Because of the gender income gap, many women generally still earn lesser than men, even in similar positions, which leaves them with lesser to invest. Add in the woman’s natural hardwiring to play the role of the sacrificial giver, this leaves her with very little financial resources left to consider investing.

Often women also have to play the role of being a caregiver, for example, looking after their aging and ailing parents, which may result in a loss of work income. Being a carer takes up much time, which means the majority of them have to stop working or reduce their workloads. This results in having lesser to invest. This commitment comes with a financial sacrifice, and it is prudent to plan for this in advance.

3. Tendency to overspend

While women may have a well-thought out budget, they can also tend to overspend. This may be because they tie their financial decisions with other emotional considerations, such as buying gifts for their children or taking them on holidays beyond their budget or even paying for a nephew’s education when they are underfunded for their own retirement.

When I bring up these topics with my female clients, they often agree that they should not be so generous to the extent that it is beyond their own capability. Yet, their natural emotional wiring causes them to continue giving up their own needs to provide for others, leading to a higher propensity to suffer from bad financial decision-making. Thus, it can often result in women not having the budget to invest.

4. Inability to relate to the concepts of investing

In my opinion, the concepts of investing are generally communicated in a way that may not be best suited to help women make decisions. For example, when it comes to investing, I find that my female clients can relate better through concepts and stories, both of which appeal to their emotions, rather than charts, rows of projections and hard numbers, which speak purely to logic.

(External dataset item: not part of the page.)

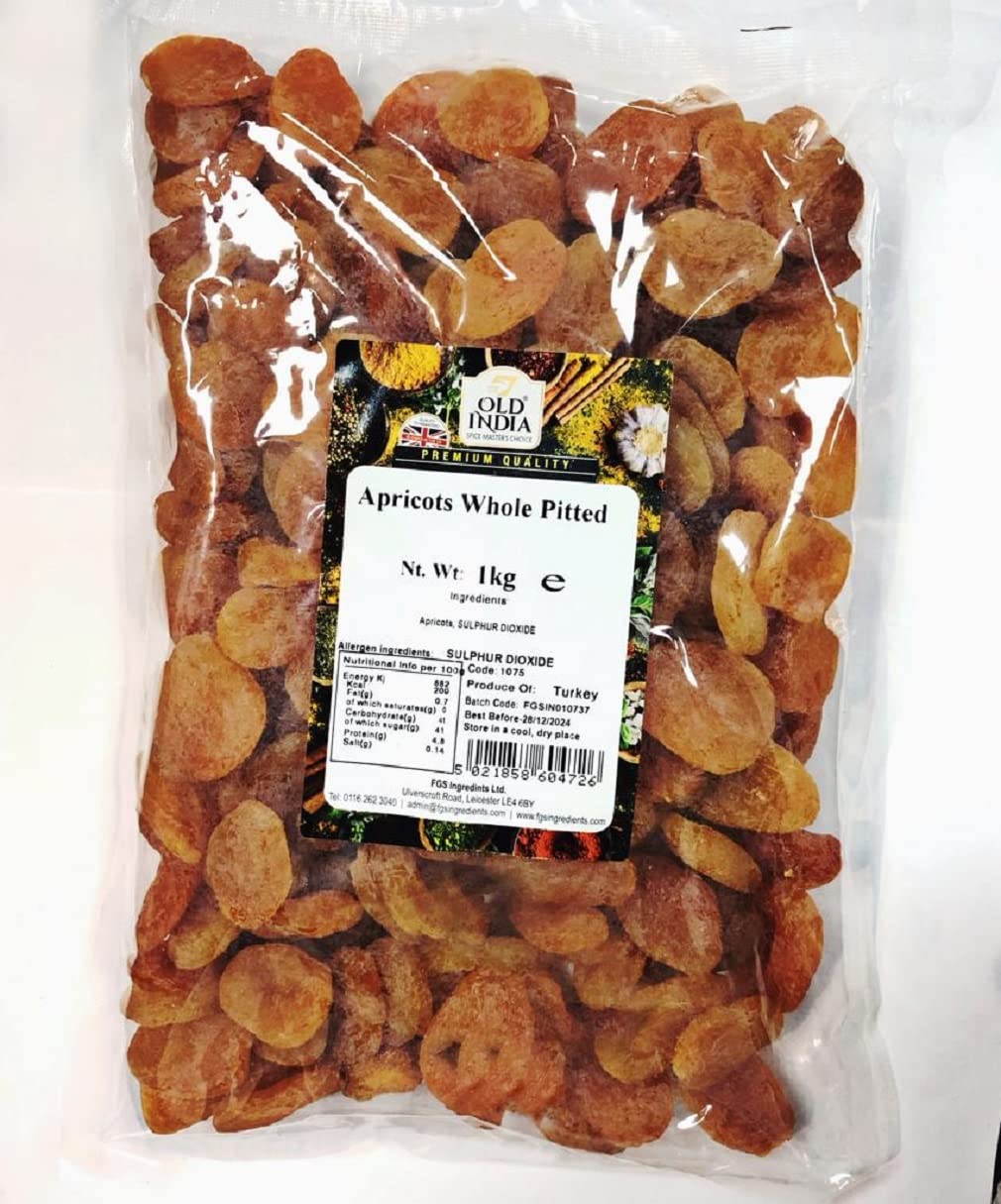 Old India Whole Pitted Dried Apricots – 1kg Bulk Healthy Vegan Snack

When the female client is unable to relate, she naturally tends to be more conservative in making investment decisions. Sometimes, the female client can make a decision to invest not only for the purpose of getting the highest returns but for other reasons such as the desire to “want their money to do something” or “try out investing”. While these are not the traditionally accepted reasons for making an investment, they can be just as important to a woman in her decision making.

5. Having no time to track or monitor the investment portfolio

Women generally juggle several roles at one time, often multi-tasking as the family household manager, carer, financial controller, teacher to her kids etc. Unfortunately, managing an investment portfolio does take up time if you want to do it properly and this worry about commitment may oftentimes creates procrastination about starting the investment journey even if the needs are clear.

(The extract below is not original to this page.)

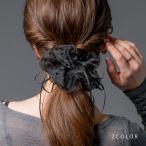 ショッピングシュシュ 【最大30％OFFセール×全品送料無料】シュシュ オーガンジー ハート リボン コード 透け感 ボリューム 大きめ 存在感 ヘアアクセサリー ヘアゴム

You could look into a good investment plan that does not require you to do much tracking and monitoring, such as one using auto rebalancing technology, so that your investment can be adjusted according to the desired investment allocation.

Download here (Guide To Choosing A Single Premium Investment Plan) for some key considerations when it comes to choosing a single premium investment plan.

6. Bad investment experience by family/friends

Women, being more empathetic, tend to be more emotionally affected by the bad investing stories told to them by their family and friends. They may have heard from their friends who panicked and sold off their investments during an economic downturn and lost money.

For example, some of my female clients heard of their friends being badly burned by their wine investment and that alone was enough to put them off the thought of investing.

7. Not knowing where to start

The problem with too many investment options is that there are too many investment options. This creates the anxiety of making a wrong choice which is a common concern for many who are starting their investment journey.

Thus, as much as possible, a woman should consider working with a financial planner that she can trust and feel comfortable with, and is able to understand what she needs, in order to help her mitigate decision-making risks.

From what I have observed through a decade of working with women, I find that the biggest strength of women in investing is that they are able to commit to a long term plan and not deviate unnecessarily. Ultimately, the success of an investment plan is not dependent on just the performance of the investment but also on the behaviour of the investor.

Over the short term, even good investments can be volatile but by being able to hold onto an investment over the longer term women are better at riding through the volatility to see profits from the long-term performance. This makes them good long-term value investors.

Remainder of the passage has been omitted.